- Brief: Go to the line that includes "Diante das possíveis" and retype it, then every line after it to the end of the data, adding nothing.

Short text fragments from websites
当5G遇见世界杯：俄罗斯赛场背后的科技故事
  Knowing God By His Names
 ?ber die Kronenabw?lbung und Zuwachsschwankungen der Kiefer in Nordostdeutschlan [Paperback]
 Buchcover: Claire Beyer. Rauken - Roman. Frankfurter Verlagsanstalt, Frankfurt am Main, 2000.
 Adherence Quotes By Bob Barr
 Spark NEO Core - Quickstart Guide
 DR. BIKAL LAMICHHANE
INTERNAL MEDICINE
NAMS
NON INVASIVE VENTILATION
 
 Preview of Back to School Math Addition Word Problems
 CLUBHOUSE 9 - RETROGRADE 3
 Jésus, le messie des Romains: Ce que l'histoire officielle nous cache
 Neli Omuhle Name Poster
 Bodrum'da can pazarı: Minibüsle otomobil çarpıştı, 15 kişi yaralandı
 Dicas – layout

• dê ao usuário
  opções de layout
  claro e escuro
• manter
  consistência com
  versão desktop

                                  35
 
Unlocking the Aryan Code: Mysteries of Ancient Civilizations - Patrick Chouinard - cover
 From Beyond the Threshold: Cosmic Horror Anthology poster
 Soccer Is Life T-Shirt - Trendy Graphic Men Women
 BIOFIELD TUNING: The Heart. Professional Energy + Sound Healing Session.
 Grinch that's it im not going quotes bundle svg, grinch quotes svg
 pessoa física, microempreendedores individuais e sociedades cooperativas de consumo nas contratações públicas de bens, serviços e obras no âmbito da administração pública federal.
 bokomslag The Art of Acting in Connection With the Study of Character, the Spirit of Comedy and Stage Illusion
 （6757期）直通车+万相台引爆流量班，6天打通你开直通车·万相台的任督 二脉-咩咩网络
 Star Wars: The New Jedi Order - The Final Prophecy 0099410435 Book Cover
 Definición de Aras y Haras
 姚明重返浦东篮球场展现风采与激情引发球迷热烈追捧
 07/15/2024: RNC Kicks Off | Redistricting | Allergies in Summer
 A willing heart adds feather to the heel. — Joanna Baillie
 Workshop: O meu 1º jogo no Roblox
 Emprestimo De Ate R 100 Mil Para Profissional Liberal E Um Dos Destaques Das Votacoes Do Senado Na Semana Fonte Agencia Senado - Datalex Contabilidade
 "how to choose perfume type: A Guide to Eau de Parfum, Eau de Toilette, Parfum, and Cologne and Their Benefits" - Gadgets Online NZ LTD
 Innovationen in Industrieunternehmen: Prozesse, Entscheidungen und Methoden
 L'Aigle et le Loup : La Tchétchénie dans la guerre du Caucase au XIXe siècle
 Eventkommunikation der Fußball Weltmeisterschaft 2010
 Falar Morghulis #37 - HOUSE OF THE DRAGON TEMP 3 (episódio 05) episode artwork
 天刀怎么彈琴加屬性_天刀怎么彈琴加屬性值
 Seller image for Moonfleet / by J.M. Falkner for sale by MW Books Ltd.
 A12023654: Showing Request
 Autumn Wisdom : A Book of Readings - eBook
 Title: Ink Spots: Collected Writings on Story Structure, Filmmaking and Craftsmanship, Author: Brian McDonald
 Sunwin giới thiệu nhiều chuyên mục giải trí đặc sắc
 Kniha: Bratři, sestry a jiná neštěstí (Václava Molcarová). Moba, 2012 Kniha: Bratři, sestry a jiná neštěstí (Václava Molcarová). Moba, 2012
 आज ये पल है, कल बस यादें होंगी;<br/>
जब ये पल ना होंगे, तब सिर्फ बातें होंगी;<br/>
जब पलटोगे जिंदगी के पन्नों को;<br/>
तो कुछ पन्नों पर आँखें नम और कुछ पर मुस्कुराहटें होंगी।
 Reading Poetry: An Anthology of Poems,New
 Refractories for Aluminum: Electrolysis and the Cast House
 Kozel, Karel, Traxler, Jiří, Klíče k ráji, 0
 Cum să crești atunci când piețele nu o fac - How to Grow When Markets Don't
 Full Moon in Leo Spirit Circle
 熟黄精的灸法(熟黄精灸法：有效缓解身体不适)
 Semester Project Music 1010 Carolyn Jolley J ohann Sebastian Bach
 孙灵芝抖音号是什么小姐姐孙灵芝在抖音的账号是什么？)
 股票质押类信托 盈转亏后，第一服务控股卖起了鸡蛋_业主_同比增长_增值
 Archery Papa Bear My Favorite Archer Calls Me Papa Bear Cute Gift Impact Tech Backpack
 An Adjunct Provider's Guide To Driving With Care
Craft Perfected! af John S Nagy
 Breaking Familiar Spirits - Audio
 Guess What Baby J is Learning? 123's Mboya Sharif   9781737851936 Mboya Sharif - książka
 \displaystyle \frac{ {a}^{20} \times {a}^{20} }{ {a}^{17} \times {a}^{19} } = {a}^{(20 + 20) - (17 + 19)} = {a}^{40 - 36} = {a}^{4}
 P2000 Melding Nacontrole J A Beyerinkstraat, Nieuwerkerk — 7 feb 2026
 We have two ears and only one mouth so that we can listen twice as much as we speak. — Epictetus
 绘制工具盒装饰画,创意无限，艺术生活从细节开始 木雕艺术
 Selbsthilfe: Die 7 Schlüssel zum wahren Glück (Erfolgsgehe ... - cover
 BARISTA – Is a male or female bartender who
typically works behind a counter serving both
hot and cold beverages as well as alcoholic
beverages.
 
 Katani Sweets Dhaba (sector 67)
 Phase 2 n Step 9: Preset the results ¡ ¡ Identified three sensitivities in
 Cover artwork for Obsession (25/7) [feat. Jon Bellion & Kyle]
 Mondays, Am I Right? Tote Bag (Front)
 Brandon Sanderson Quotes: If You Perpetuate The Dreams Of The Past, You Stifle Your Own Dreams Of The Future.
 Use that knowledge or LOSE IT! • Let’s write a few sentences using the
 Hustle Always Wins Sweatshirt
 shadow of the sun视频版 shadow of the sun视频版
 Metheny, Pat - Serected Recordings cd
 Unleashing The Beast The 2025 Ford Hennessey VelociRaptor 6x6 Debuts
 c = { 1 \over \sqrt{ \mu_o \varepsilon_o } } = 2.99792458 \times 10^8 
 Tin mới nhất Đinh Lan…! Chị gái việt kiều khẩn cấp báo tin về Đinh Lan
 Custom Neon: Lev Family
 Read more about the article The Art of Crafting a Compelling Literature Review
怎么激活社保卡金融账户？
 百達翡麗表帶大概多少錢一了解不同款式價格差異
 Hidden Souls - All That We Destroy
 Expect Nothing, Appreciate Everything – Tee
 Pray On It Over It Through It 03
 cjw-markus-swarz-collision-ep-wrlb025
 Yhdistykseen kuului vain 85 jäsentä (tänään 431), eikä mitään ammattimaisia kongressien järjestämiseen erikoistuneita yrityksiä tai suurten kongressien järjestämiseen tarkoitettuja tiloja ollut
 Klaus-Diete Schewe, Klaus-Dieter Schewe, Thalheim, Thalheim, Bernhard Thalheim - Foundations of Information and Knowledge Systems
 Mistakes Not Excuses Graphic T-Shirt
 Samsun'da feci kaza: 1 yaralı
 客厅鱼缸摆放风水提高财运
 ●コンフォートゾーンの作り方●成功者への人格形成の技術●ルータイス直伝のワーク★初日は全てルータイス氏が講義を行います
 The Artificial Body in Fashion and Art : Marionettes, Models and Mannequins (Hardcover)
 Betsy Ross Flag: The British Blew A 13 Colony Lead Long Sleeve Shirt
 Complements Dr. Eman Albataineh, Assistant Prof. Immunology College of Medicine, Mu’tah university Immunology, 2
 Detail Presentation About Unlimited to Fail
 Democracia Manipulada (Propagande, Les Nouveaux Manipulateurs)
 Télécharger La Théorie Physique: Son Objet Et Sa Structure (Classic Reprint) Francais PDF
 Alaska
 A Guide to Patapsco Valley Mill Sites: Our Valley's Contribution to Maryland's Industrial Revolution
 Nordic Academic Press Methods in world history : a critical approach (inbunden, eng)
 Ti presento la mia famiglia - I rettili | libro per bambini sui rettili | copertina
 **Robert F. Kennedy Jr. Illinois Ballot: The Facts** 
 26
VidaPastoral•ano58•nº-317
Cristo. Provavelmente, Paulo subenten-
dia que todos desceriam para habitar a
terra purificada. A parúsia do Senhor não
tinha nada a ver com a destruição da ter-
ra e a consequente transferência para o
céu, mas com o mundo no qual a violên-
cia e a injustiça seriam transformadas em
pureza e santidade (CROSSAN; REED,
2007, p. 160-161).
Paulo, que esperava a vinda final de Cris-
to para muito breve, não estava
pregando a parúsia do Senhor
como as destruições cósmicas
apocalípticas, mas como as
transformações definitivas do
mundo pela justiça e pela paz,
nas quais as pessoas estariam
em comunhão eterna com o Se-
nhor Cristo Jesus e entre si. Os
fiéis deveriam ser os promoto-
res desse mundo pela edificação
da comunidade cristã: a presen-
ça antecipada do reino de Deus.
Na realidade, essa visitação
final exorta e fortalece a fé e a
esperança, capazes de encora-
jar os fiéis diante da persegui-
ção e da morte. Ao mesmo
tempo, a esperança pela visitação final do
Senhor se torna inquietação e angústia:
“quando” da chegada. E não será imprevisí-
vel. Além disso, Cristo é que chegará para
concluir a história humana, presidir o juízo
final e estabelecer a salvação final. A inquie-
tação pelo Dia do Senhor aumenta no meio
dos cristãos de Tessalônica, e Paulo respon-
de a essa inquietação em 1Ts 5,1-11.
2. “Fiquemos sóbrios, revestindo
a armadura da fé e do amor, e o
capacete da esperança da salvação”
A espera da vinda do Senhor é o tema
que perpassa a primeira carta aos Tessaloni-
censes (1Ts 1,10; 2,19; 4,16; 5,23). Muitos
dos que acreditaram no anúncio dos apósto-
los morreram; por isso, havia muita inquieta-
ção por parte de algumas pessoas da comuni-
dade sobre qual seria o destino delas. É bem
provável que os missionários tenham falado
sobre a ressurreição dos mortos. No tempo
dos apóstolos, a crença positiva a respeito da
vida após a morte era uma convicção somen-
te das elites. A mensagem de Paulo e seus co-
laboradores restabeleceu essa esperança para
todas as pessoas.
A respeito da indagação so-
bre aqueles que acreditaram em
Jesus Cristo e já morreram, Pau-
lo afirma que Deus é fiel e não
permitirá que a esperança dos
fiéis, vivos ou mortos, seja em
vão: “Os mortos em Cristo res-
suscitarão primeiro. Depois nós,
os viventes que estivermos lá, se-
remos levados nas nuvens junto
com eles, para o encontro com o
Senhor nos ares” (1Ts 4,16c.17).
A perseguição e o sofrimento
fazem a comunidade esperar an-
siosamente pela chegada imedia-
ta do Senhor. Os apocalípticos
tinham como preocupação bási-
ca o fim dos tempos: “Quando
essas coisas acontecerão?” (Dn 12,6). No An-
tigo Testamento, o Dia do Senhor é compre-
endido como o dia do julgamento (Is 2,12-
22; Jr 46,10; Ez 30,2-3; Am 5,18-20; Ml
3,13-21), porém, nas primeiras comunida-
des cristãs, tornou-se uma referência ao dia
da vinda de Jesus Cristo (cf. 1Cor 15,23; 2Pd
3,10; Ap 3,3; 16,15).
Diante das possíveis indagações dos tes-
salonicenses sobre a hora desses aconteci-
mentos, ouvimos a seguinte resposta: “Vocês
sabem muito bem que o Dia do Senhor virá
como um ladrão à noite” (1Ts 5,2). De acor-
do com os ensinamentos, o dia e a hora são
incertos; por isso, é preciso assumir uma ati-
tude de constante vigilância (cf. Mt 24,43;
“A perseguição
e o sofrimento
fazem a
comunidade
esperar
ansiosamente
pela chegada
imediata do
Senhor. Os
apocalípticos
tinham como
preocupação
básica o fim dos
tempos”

- Exercise response:
Diante das possíveis indagações dos tes-
salonicenses sobre a hora desses aconteci-
mentos, ouvimos a seguinte resposta: “Vocês
sabem muito bem que o Dia do Senhor virá
como um ladrão à noite” (1Ts 5,2). De acor-
do com os ensinamentos, o dia e a hora são
incertos; por isso, é preciso assumir uma ati-
tude de constante vigilância (cf. Mt 24,43;
“A perseguição
e o sofrimento
fazem a
comunidade
esperar
ansiosamente
pela chegada
imediata do
Senhor. Os
apocalípticos
tinham como
preocupação
básica o fim dos
tempos”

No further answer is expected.